Many governments and intergovernmental organizations, including the African Union (AU), the United Nations, and the European Union, expressed strong concern at the deteriorating human rights situation. Partly in response to the extrajudicial executions in Cibitoke, the United States and the Netherlands, as well as other European countries, suspended part of their assistance to the Burundian military and police.
The EU announced a review of its aid to Burundi in the framework of the Cotonou agreement. In September, the EU imposed sanctions on three senior police and intelligence officials and one opposition member who took part in the failed coup. In November, the US imposed sanctions on the minister of public security, the deputy director general of the police, and two leaders of the failed coup.

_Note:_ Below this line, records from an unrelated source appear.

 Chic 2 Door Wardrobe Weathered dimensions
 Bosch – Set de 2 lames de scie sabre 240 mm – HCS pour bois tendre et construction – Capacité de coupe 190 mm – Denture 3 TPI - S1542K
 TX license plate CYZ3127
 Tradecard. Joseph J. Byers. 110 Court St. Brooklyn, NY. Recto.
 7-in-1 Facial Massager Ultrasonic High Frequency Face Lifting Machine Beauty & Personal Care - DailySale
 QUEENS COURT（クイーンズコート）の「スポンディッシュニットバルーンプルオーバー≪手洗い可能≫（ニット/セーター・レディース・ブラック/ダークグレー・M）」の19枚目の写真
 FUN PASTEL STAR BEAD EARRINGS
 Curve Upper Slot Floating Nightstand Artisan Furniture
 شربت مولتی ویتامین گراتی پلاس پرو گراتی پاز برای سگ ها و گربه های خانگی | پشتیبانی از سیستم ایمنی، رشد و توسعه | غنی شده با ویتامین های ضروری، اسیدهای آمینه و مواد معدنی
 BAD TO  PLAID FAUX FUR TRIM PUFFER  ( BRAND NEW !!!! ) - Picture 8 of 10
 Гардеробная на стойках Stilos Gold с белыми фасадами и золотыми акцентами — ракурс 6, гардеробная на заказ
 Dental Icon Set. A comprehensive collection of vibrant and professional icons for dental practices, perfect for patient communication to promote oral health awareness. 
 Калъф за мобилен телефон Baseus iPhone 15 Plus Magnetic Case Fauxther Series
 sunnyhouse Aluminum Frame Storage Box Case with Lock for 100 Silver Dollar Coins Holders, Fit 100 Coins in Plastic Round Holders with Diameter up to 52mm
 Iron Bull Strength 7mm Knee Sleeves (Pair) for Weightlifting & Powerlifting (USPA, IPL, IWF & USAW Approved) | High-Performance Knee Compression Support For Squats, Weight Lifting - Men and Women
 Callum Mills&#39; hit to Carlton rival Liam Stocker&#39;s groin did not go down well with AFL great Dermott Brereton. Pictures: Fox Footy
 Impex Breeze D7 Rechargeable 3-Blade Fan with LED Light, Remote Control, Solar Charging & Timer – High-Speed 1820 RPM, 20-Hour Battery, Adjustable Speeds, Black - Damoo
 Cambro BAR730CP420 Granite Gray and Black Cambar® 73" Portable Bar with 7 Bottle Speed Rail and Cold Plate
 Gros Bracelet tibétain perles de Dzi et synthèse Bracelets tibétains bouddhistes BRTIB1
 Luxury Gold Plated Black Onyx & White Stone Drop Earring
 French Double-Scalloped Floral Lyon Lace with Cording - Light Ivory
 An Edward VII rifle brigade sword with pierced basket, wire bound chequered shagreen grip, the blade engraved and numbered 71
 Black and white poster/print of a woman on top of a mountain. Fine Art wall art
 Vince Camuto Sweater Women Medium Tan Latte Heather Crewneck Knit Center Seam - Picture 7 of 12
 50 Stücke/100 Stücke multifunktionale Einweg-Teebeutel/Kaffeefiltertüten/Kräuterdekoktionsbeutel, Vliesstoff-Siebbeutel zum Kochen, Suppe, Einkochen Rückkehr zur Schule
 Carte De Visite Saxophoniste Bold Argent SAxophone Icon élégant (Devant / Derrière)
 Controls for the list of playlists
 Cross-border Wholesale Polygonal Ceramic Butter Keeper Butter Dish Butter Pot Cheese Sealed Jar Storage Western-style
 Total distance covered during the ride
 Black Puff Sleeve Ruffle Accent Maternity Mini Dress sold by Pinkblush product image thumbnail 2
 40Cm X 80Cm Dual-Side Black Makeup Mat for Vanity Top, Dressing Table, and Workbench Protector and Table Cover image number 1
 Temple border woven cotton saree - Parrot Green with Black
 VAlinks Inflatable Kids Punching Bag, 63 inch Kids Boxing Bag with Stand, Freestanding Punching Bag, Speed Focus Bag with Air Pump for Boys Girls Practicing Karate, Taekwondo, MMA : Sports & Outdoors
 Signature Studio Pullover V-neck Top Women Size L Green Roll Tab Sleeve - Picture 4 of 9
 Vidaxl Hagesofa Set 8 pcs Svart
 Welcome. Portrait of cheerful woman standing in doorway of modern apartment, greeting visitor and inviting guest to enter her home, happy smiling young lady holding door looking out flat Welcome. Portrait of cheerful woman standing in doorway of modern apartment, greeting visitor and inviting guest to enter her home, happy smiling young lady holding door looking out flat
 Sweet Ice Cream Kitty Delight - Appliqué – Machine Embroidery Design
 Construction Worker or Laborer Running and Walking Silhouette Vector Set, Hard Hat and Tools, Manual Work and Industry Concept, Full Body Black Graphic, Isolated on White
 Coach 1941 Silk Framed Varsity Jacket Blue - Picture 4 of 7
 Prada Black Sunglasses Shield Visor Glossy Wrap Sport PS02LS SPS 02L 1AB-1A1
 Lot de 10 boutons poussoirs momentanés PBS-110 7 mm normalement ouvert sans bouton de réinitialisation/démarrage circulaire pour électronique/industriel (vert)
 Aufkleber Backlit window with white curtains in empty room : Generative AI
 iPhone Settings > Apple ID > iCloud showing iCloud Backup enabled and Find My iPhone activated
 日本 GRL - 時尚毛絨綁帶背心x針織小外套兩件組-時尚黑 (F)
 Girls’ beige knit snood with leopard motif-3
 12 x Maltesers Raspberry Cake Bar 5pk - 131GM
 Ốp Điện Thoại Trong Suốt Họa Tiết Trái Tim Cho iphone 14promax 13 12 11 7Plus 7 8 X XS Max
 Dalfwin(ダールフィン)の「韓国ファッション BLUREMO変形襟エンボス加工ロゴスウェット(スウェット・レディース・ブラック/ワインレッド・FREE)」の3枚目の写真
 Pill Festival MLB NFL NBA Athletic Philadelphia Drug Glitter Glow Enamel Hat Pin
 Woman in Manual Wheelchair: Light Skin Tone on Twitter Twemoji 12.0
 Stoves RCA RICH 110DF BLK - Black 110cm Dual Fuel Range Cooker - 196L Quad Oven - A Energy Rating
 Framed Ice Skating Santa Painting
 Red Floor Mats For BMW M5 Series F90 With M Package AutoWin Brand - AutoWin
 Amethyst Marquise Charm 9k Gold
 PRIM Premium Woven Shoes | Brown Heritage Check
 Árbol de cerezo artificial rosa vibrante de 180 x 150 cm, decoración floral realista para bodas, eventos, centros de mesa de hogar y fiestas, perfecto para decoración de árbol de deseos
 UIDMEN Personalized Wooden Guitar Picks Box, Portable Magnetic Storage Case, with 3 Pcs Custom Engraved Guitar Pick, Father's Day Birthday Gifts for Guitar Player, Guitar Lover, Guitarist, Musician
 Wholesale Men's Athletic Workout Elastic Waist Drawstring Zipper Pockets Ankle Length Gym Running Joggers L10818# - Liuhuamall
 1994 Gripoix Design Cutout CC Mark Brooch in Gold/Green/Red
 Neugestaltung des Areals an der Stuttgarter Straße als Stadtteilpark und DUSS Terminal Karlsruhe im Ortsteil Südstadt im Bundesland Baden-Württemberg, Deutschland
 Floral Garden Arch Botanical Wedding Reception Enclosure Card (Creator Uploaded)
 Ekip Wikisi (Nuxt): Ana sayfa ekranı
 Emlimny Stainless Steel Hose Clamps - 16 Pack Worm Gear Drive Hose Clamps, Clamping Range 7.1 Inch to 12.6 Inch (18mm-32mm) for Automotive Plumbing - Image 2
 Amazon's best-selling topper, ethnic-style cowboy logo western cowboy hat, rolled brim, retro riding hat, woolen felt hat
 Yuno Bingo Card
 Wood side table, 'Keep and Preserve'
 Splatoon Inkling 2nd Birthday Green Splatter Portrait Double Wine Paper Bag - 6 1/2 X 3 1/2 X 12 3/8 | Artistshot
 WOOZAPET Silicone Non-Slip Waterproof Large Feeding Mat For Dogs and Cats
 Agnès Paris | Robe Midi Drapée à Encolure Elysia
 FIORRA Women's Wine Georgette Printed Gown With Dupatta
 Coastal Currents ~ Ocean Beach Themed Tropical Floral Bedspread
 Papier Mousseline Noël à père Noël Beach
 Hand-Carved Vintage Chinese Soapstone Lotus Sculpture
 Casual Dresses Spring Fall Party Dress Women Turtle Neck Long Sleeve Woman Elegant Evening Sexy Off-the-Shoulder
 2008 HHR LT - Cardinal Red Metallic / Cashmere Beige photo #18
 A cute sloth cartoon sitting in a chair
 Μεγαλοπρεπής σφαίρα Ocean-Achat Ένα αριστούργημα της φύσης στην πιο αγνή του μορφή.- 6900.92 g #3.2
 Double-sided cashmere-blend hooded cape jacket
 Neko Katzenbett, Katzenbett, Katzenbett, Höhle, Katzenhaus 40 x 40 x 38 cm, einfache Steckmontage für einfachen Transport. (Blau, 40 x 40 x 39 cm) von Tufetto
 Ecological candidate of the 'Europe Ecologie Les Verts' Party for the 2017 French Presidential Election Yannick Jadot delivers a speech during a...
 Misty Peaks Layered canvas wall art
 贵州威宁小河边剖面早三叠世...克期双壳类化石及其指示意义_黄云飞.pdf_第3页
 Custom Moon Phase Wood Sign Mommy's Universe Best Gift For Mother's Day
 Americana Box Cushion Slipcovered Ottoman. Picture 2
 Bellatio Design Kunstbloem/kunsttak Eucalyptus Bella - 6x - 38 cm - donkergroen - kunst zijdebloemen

On November 12, the UN Security Council unanimously adopted a resolution strongly condemning human rights violations in Burundi, urging a rejection of violence, and calling for the resumption of dialogue. The UN High Commissioner for Human Rights also issued several strong statements of concern.
The UN Electoral Observation Mission in Burundi (MENUB) was set to withdraw by the end of the year. A team of the Office of the UN High Commissioner for Human Rights remained in place in Burundi, and the AU deployed human rights observers. In September, the UN Human Rights Council unanimously agreed to consider the human rights situation in Burundi at its three main sessions in 2016.